Because nobody wants to be a greedy evil person who only cares about making money!

I’m gonna talk about:

  • What socially responsible investing is
  • Then I’m gonna show you how to do socially responsible investing
  • And finally I’ll also talk about how socially responsible investing compares to regular investing in terms of the returns you can expect

So with that let’s get right into it! Watch the video below or keep reading!

I want to start off by defining socially responsible investing, because this is a very loose term that can mean different things to different people. In general, it means investing in companies that do good things in the world, or at least companies that aren’t doing bad things. Back in the day this used to be as simple as excluding companies that manufacture guns, or sell alcohol/tobacco, or do gambling. But we all know that being socially responsible is a lot more nuanced.

So over the years socially responsible investing has become a lot more sophisticated, and now investors can actually use a set of quantifiable metrics called ESG to make investing decisions.

ESG Metrics

ESG stands for Environmental, Social, and Governance.

The ESG score is the sum of quantifiable metrics assessed by outside data researchers. This score has 3 components:

  • Environmental – The environmental component of their score can mean the company is actively doing things to reduce carbon emissions or fight climate change.
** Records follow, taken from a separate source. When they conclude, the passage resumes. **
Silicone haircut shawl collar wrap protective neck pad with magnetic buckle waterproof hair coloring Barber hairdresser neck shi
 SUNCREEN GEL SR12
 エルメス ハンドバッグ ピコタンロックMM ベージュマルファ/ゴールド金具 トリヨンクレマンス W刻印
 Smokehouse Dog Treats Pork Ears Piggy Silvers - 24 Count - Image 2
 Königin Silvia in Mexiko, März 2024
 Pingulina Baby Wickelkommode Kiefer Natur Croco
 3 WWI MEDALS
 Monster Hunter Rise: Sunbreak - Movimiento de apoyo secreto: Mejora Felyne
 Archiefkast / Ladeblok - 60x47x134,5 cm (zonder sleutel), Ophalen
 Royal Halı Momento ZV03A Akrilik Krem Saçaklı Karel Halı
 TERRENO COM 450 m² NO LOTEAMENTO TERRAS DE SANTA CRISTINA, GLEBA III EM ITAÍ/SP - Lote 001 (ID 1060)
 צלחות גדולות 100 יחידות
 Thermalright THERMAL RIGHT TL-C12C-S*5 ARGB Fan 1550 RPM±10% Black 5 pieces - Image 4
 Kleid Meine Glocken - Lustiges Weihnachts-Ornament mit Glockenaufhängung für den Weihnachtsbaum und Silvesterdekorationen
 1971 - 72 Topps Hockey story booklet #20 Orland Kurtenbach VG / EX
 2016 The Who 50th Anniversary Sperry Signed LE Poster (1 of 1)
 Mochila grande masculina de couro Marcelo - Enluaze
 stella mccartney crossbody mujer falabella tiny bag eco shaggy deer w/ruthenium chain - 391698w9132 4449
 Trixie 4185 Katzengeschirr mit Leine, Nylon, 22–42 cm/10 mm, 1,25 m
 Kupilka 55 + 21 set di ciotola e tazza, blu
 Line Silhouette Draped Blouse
It can also mean that the company is moving towards renewable energy sources, and anything else of that nature.
  • Social – The S stands for social factors, so this part of the score will assess how a company treats its employees, its stakeholders, vendors – anyone who’s involved with the company. A company with a high score in the S category has things like fair wages, good working conditions in its factories (no sweatshops!), and it treats its customers well.
  • Governance – The last part of the ESG score the G which stands for governance tells you how honest the company is in terms of you know how likely they are to do anything that’s corrupt or do fraud cooking its books or paying its CEOs ridiculous compensation at the expense of its shareholders and things like that.

Altogether, the ESG criteria helps investors find companies with values that match their own. Every company gets an ESG score, and I’ll show you in  just a minute where to look it up. But as you will see, no company’s actually a hundred percent in all categories of the ESG score. So it’s important for you to decide what is important to you: Is it environment? Is it equality and diversity? Are you really passionate about human rights or animal welfare? Everyone has something that is important to them.

For me, it’s the environment and gender equality so I really love investing in companies that score high in those categories.

Now that you know that there’s a quantifiable score that tells you exactly how socially responsible a company is, let’s talk about how to actually do it. There’s three ways to invest in a socially responsible manner.

#1 – Individual stocks

The first way is by investing in individual stocks of companies with high ESG scores.

For example, if you want to invest in Apple, then go to Yahoo Finance, type in the stock ticker, and then go to the sustainability tab. There, you’ll find their ESG score all laid out for you:

So you see that Apple scores above average relative to their peers, and they have a pretty high score in both the E, S, and G categories. So you know right then and there that Apple is doing a lot in all three areas of socially responsibility.

Another thing you can do is to check if the company that you’re considering investing in is involved in any sort of activity that might automatically be deemed not socially responsible.

So for example, if you’re totally against animal testing and you’re considering investing in Pfizer (ticker: PFE), then you type in their stock ticker into the Yahoo finance search bar, go to their Sustainability tab, and you’ll see whether this company is involved in any red flag activities:

So you see here it says they’re not involved in weapons or gun making, but they are involved in animal testing.

So the Sustainability tab on the Yahoo Finance page of any stock is a great way for you to immediately know whether you’re looking at a socially responsible company or not.

Investing in individual stocks is probably the most customizable way to do socially responsible investing.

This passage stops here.